Выходные дни и вечера были у меня заняты занятиями в этих секциях. В лыжной секции был тренером мастер спорта Михайлов. В бассейне – Кислухин. В гимнастической – Романов и Вольфинзон. В конькобежной – Аниканов. Секцией бокса руководил Самойлов. Все они – мастера спорта.
Работа в цехе и спорт целиком поглотили меня. Это спасло меня от ненужных раздумий. Домой я возвращался к ночи, усталый, и засыпал мертвецки. Однажды, идя на работу, у проходной прочитал объявление: «Желающие могут записаться в аэроклуб «Спартак»…» Далее перечислялись условия поступления и адрес. Кровь в голову хлынула от слова «аэроклуб».
Несколько дней я косился на это объявление. Наконец душа не выдержала, и я побрел в переулок у Никитской площади, в здание художественного техникума, где аэроклуб «Спартак» снимал помещение для занятий. Мне нужно было узнать, кто преподаватели, кто летчики, имеет ли аэроклуб отношение к системе Осоавиахима, в которой я ранее работал. Если да – бесполезно поступать, если нет – можно попытаться, возможно, удастся полетать.
Мои надежды оправдались. Аэроклуб «Спартак» не имел никакого отношения к Осоавиахиму. Я быстро собрал необходимые Документы. В анкете и автобиографии ничего не написал об отце, скрыл исключение из комсомола. Меня зачислили курсантом аэроклуба. Начались теоретические занятия по вечерам. По воскресеньям ездили на аэродром в Теплый Стан. Знакомились с самолетами У-2 (По-2), мыли их. Появились новые друзья: Алексей Роднов, Борзов, Леонид Кусков, Валентина Головленкова, Наташа Киселева и другие. Спортивные секции отошли на задний план.
Забегая вперед, скажу: дружба с Наташей Киселевой закончилась женитьбой.
Заниматься было легко. Почти все предметы ранее мной изучались, а некоторые я преподавал сам.

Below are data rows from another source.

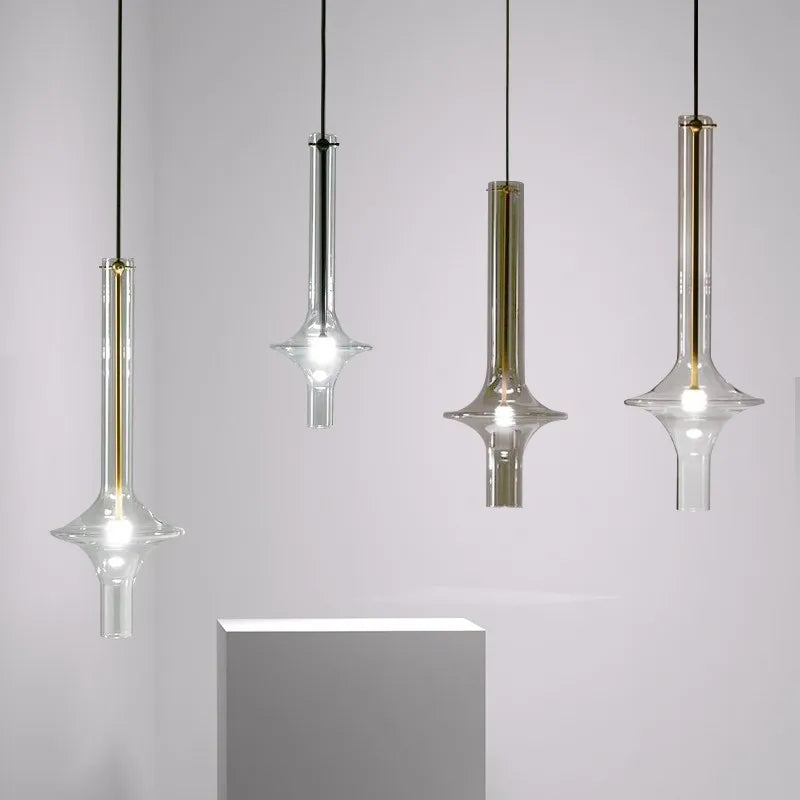 Modern Glass Pendant: Nordic Charm & Dimmable Light for Any Room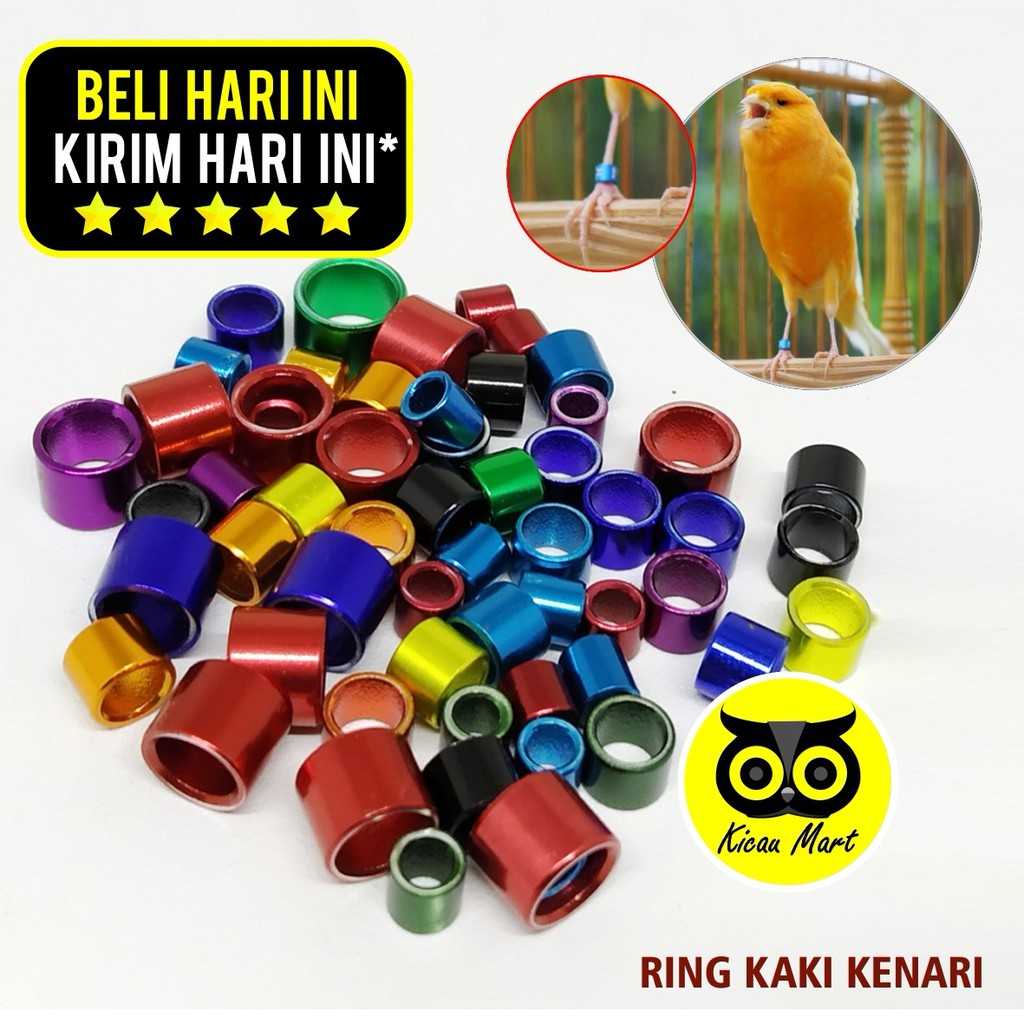 RING BURUNG GELANG KAKI BURUNG KENARI CINCIN GELANG PENGAMAN PENANDA KAKI FOOT BIRD LASER RINGKCR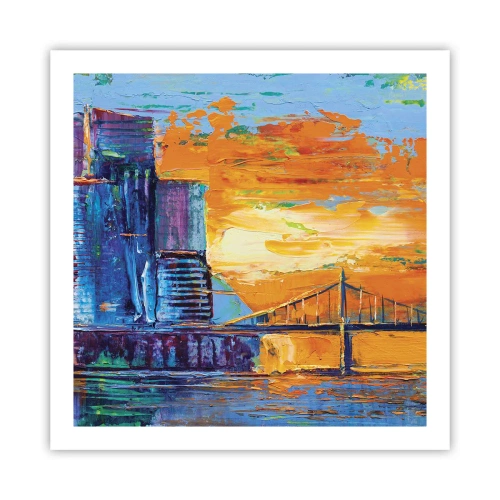 Plakat - Kultura i natura - 60x60 cm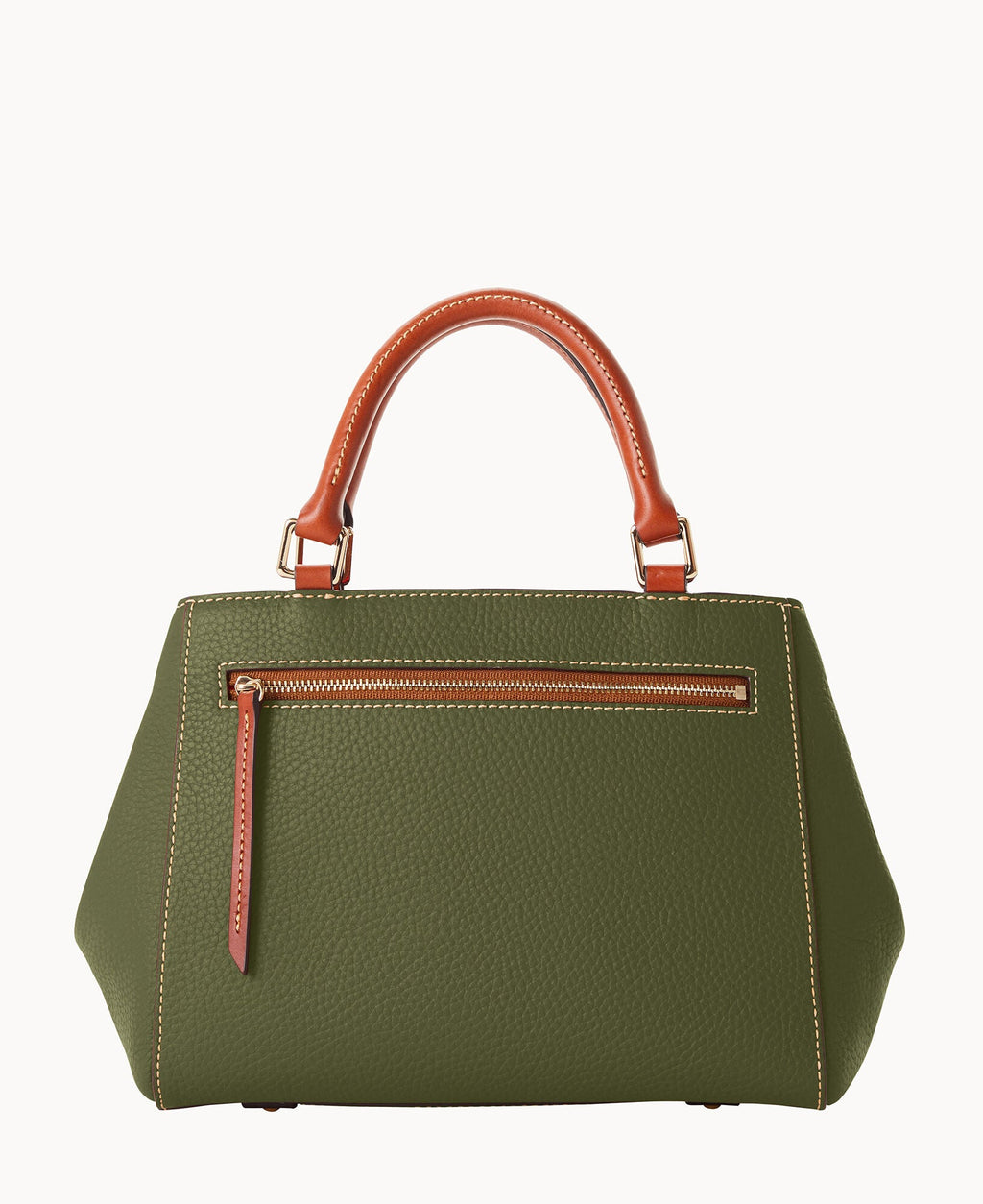 Pebble Grain Small Zip Satchel - Image 74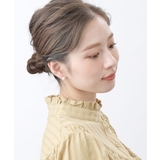 一粒コットンパールピアス/イヤリング8mm/チタンポスト P1404 | VINGTAINE | 詳細画像6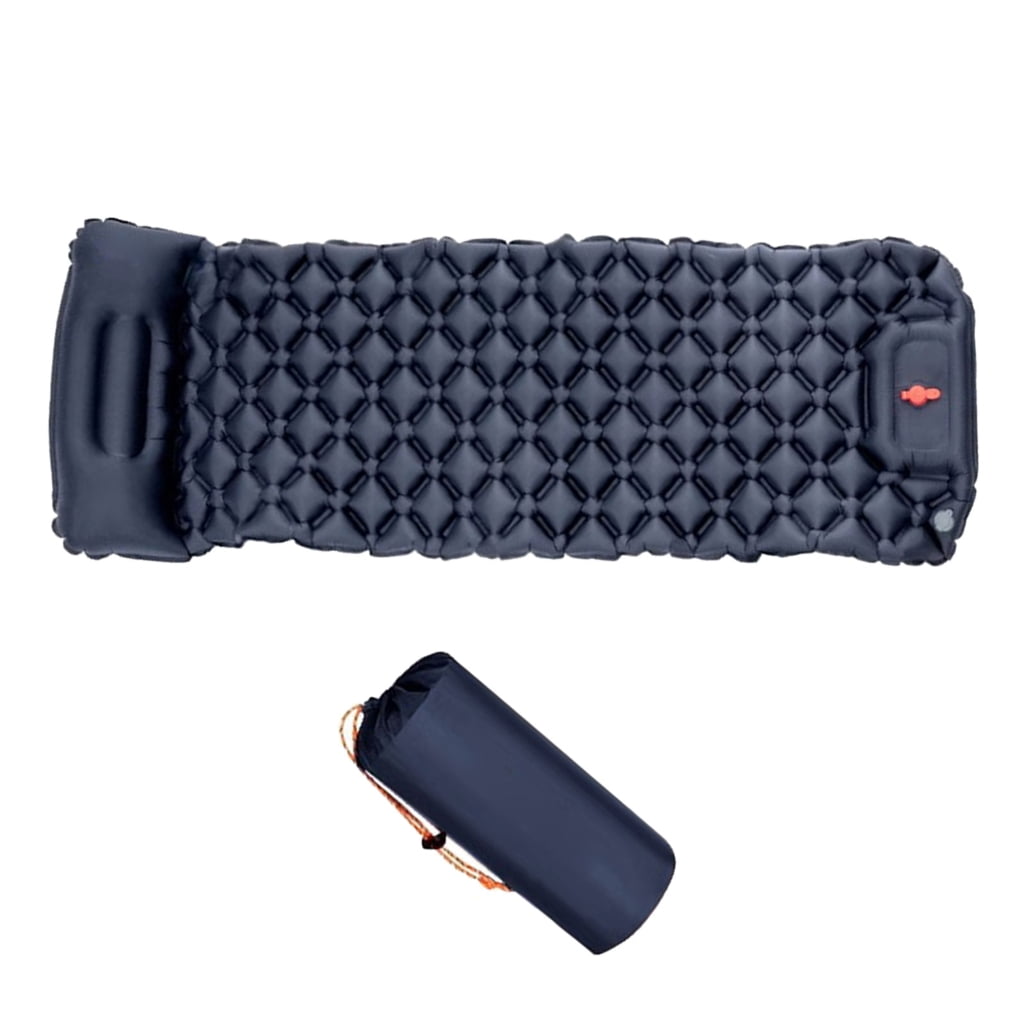 Miiottaa Outdoor Camping Inflatable Mattress Air Cushions Sleep Pad with Pillows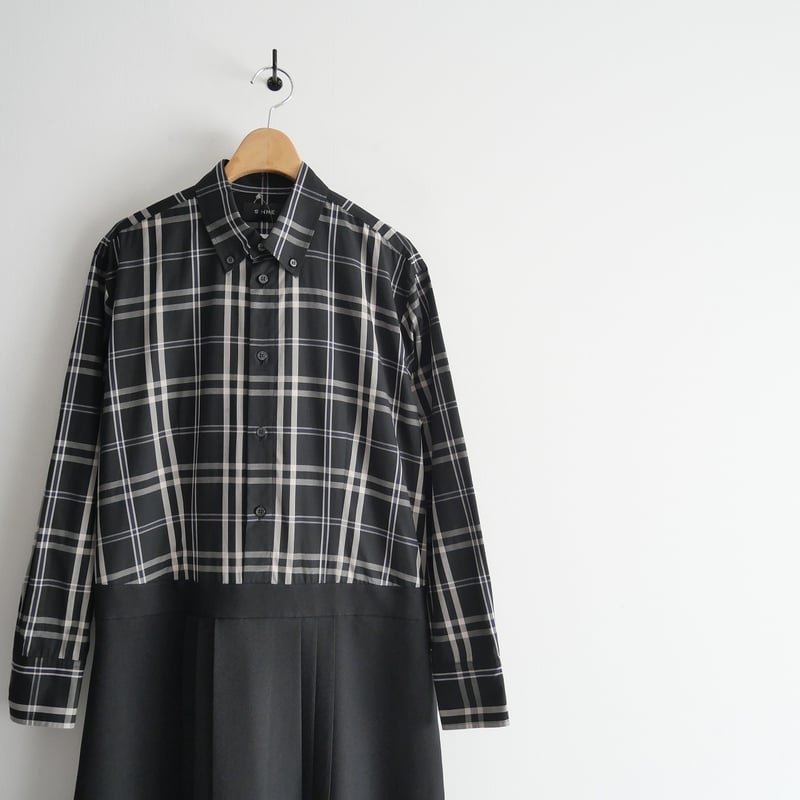 2022AW / 未使用 / SINME / ドッキングシャツワンピース / 22AW-11 
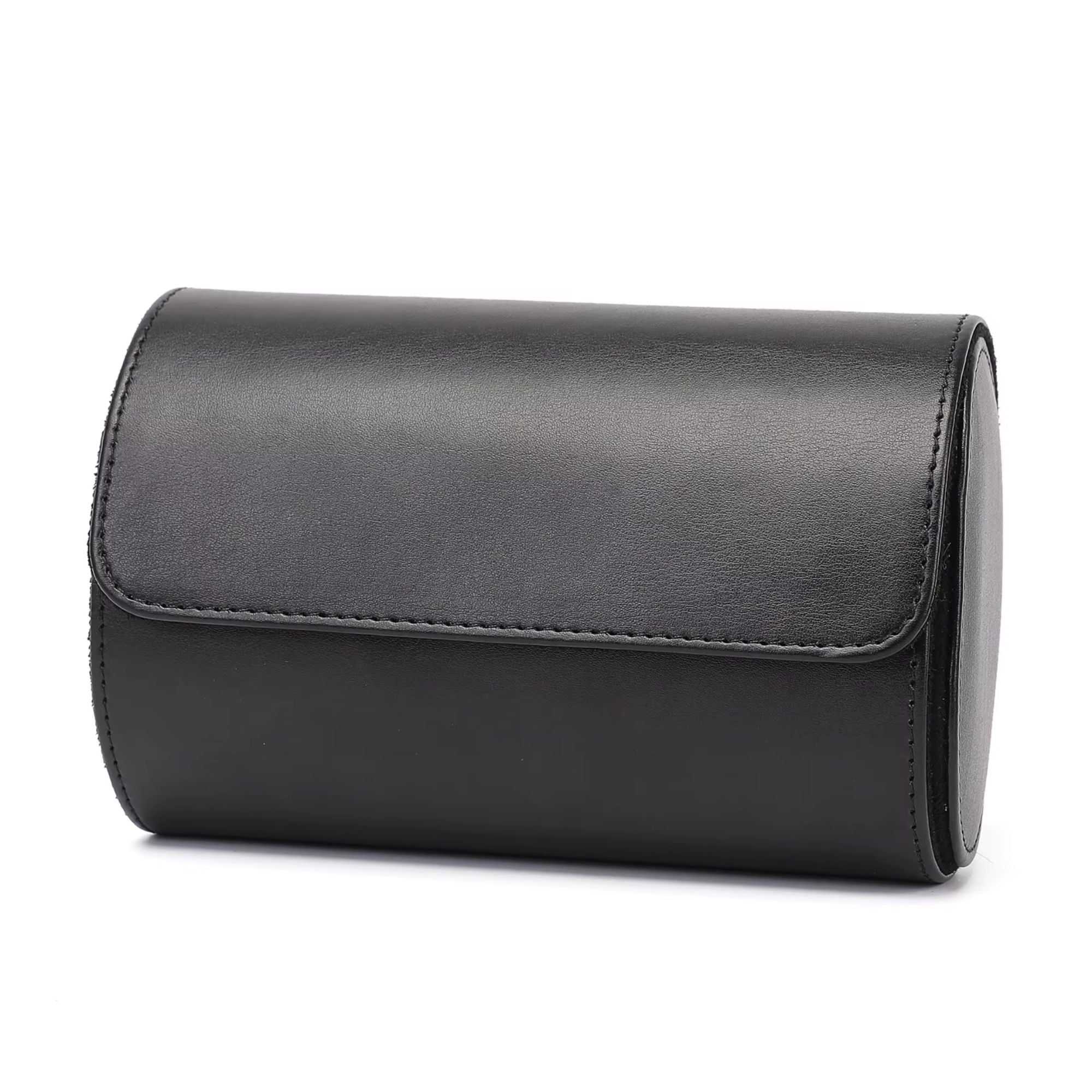 Premuim Black Leather Case - 2 Slots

Наступило лето 1936 года. Все курсанты взяли отпуска по отношениям от командования аэроклуба. Мы выехали в лагеря на аэродром у Теплого Стана, размещались в сельской школе. Начались учебные полеты.
Летчик-инструктор Взнуздаев удивленно посматривал на меня в воздухе и после посадки отмечал правильные действия, радовался моим успехам и ставил в пример другим. Ему было невдомек, что его курсант сам был летчиком-инструктором.